== DATA TO PROCESS

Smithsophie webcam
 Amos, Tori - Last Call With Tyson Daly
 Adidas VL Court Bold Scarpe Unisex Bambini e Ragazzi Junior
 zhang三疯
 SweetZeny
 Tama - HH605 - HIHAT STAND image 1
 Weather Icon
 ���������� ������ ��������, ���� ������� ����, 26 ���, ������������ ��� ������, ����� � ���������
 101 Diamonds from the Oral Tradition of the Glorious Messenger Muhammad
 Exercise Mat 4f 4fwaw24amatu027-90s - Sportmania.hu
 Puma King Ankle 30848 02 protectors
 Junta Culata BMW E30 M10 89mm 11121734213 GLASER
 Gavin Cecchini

====

_TASK GOAL_
Each line of the data above is to be duplicated exactly.

_RESPONSE TO THIS EXERCISE_
Smithsophie webcam
 Amos, Tori - Last Call With Tyson Daly
 Adidas VL Court Bold Scarpe Unisex Bambini e Ragazzi Junior
 zhang三疯
 SweetZeny
 Tama - HH605 - HIHAT STAND image 1
 Weather Icon
 ���������� ������ ��������, ���� ������� ����, 26 ���, ������������ ��� ������, ����� � ���������
 101 Diamonds from the Oral Tradition of the Glorious Messenger Muhammad
 Exercise Mat 4f 4fwaw24amatu027-90s - Sportmania.hu
 Puma King Ankle 30848 02 protectors
 Junta Culata BMW E30 M10 89mm 11121734213 GLASER
 Gavin Cecchini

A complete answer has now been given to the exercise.